I wiped my eyes with the handkerchief. Red, silk, with a giant letter “S.”

“Sarhina,” she said, as I handed her handkerchief back to her. She took my hand. “I’m about to make coffee. Would you like to stay for some?” She squeezed tighter.

It’s easy being insulted, having someone be cruel, but when someone is nice to me, it saws like a dull knife on raw bone.

“Maybe next time,” she said with a sad smile.
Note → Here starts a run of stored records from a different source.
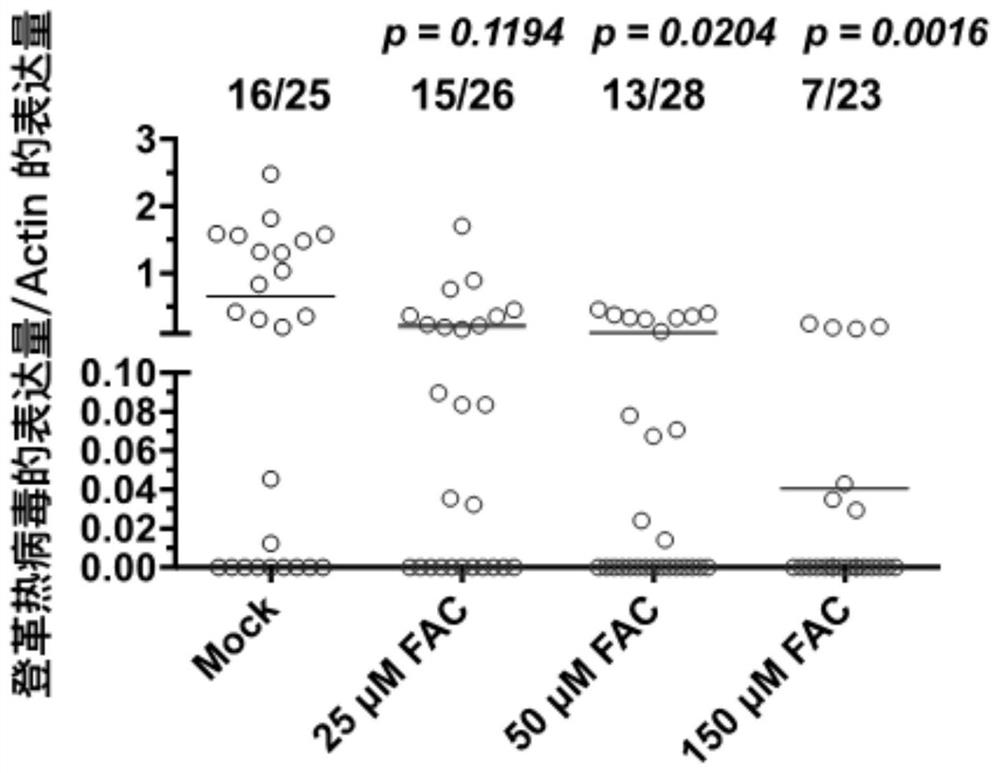 Application of iron-containing substance to preparation of product for inhibiting dengue virus propagation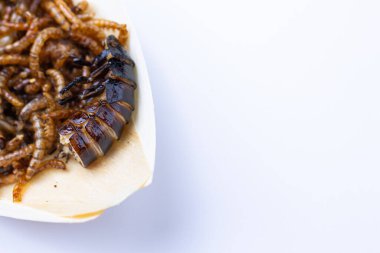 Kızarmış ahşap kurtçuklar, solucanlar ve hamamböceği beyaz arka planda tahta tepside. Beslenme düzeninde protein kaynağı olarak kızarmış böcekler..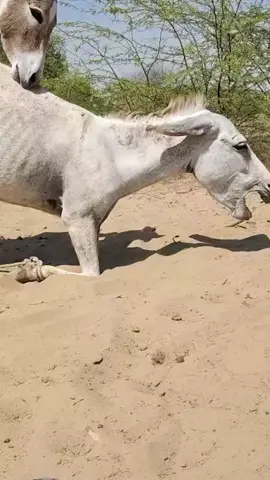 #foryou #fypシ゚viral #usa #uk #donkey 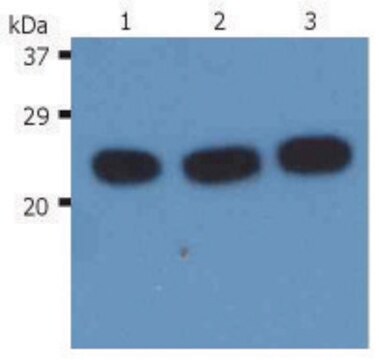 Monoclonal Anti-HRAS antibody produced in mouse clone H-RAS-03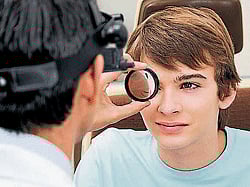 Fish stem cells may restore human vision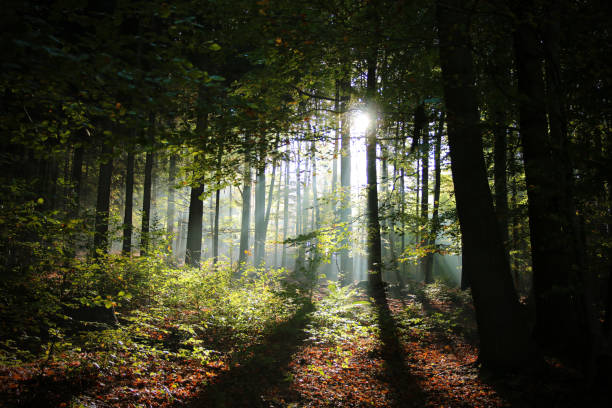 rayo de esperanza - odenwald fotografías e imágenes de stock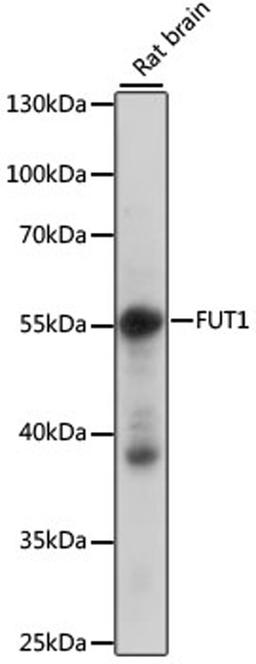 Western blot - FUT1 antibody (A15585)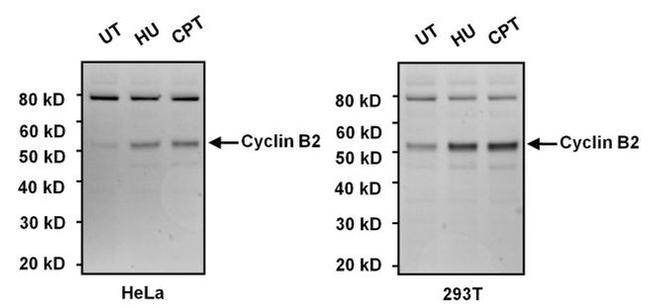 Cyclin B2 Antibody in Western Blot (WB)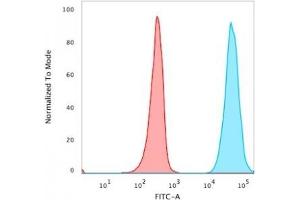 Flow Cytometric Analysis of PFA-fixed MCF-7 cells. (CD47 抗体)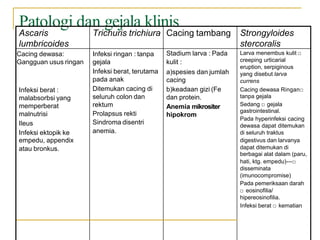 Patologi dan gejala klinis
Ascaris
lumbricoides
Trichuris trichiura Cacing tambang Strongyloides
stercoralis
Cacing dewasa:
Gangguan usus ringan
Infeksi ringan : tanpa
gejala
Infeksi berat, terutama
pada anak
Stadium larva : Pada
kulit :
a)spesies dan jumlah
cacing
b)keadaan gizi (Fe
dan protein.
Anemia mikrositer
hipokrom
Larva menembus kulit □
creeping urticarial
eruption, serpiginous
yang disebut larva
currens
Infeksi berat :
malabsorbsi yang
memperberat
malnutrisi
Ileus
Infeksi ektopik ke
Ditemukan cacing di
seluruh colon dan
rektum
Prolapsus rekti
Sindroma disentri
anemia.
Cacing dewasa Ringan□
tanpa gejala
Sedang □ gejala
gastrointestinal.
Pada hyperinfeksi cacing
dewasa dapat ditemukan
di seluruh traktus
empedu, appendix digestivus dan larvanya
atau bronkus. dapat ditemukan di
berbagai alat dalam (paru,
hati, ktg. empedu)---□
disseminata
(imunocompromise)
Pada pemeriksaan darah
□ eosinofilia/
hipereosinofilia.
Infeksi berat □ kematian
 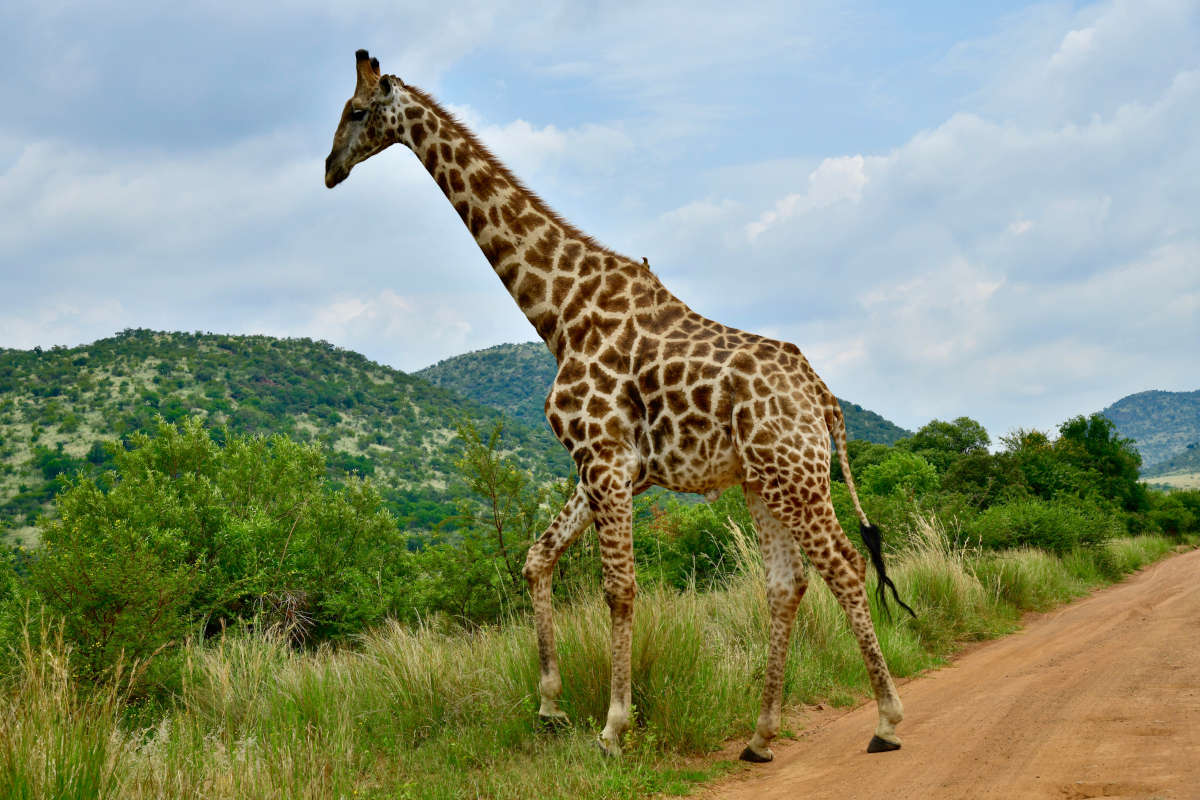 Las maravillosas jirafas - Origens / Orígenes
Walking back to my van, I felt the sun beat down on my back, burning through to my skin. The harsh glare smacked off the asphalt in shimmering waves, making it hard to see. I shielded my eyes.

Across the street, the Cuban with the black eye patch stood watching me. I’d seen him before, this Cuban. So I eyed him back.

At my feet, a fat palmetto bug skittered past. I stomped it with my heel, and it popped like an overripe berry.

***

“Where were you last night, between midnight and two a.m.?” Detective Kaplowitz wants to know.

Sleeping.

“Anybody verify that?”

No.

“What were you in Okeechobee for?”

He already knows the answer to that.

“Never mind,” Kaplowitz says, pointing down at a thick binder on the table. “Got everything I need to know right here.”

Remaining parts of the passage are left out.